## Your task
Write down exactly the lines from the one below that has "Lake Baikal in" to the end of the data, both ends included; the pictures should not appear in your copy.

## Information shown
------------------------------------------------------------------------
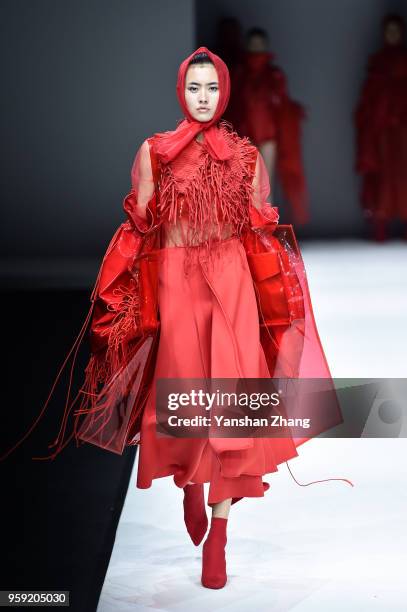 Model showcases designs on the runway at The LuXun Academy of Fine Arts Show during the day 4 of China Graduate Fashion Week at the 751 D.Park on May...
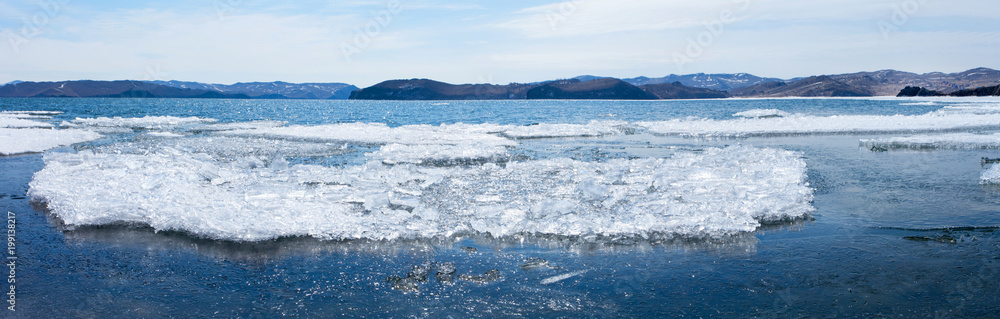 Lake Baikal in the April ice drift. Panoramic view of beautiful crystal ice floes melting in the Kurkut Gulf
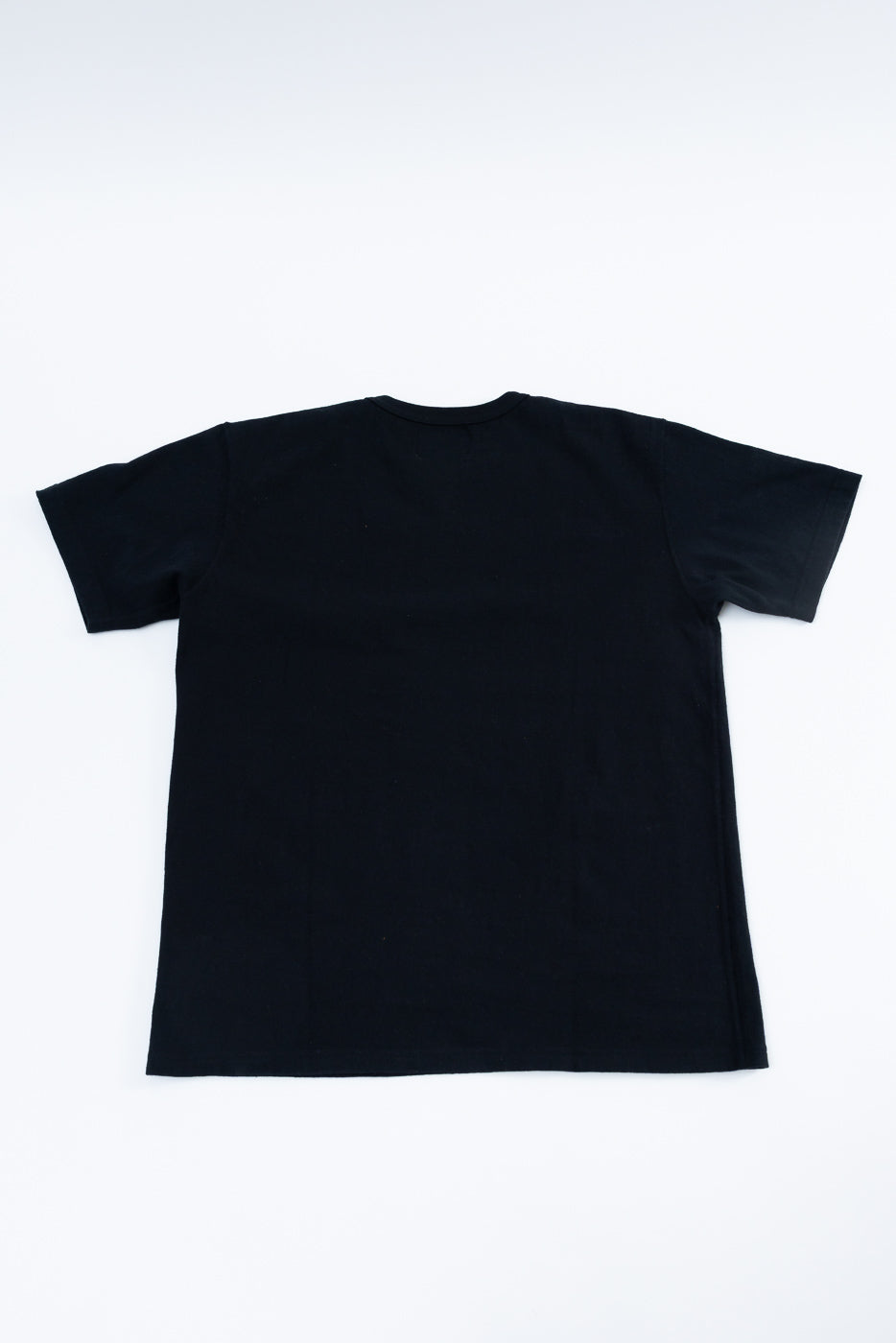 ELS Recycled Cotton Slub Crewneck T-Shirt - Black, showcasing its back with a crew neck and short sleeves, laid flat on a white background, highlighting its modern athletic fit and Japanese craftsmanship.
------------------------------------------------------------------------
## Response
 Lake Baikal in the April ice drift. Panoramic view of beautiful crystal ice floes melting in the Kurkut Gulf
 ELS Recycled Cotton Slub Crewneck T-Shirt - Black, showcasing its back with a crew neck and short sleeves, laid flat on a white background, highlighting its modern athletic fit and Japanese craftsmanship.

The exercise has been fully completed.